Source material ->
◆ ◆ ◆ ◆
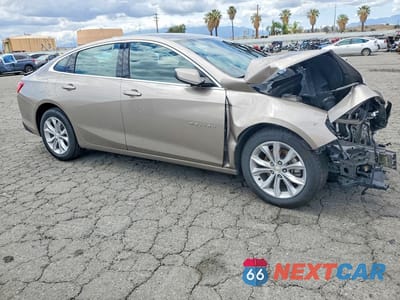 Czwarte zdjęcie samochodu z boku: 2025 CHEVROLET MALIBU LT VIN:1G1ZD5ST2SF152838 - miniatura
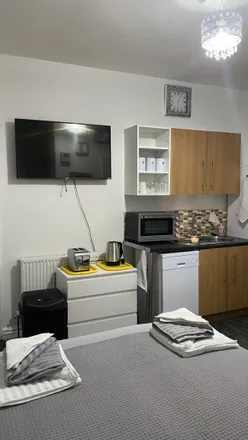 Rent this studio apartment on Blackhouse Road in Huddersfield, HD2 1AP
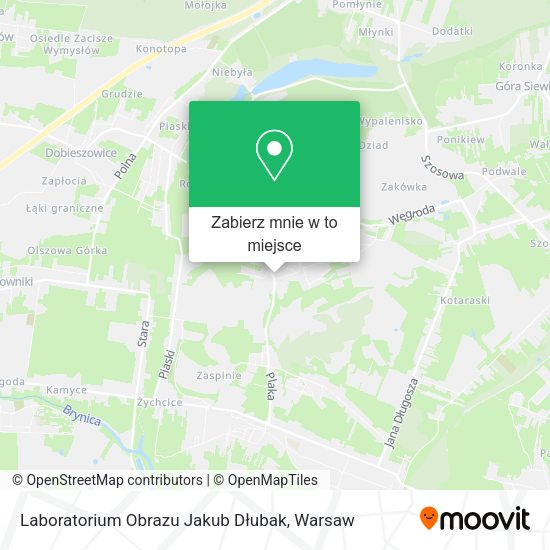 Mapa Laboratorium Obrazu Jakub Dłubak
◆ ◆ ◆ ◆
Exercise ->
The output has to match the data above line for line, except that pictures are dropped.

Response below ->
 Czwarte zdjęcie samochodu z boku: 2025 CHEVROLET MALIBU LT VIN:1G1ZD5ST2SF152838 - miniatura
 Rent this studio apartment on Blackhouse Road in Huddersfield, HD2 1AP
 Mapa Laboratorium Obrazu Jakub Dłubak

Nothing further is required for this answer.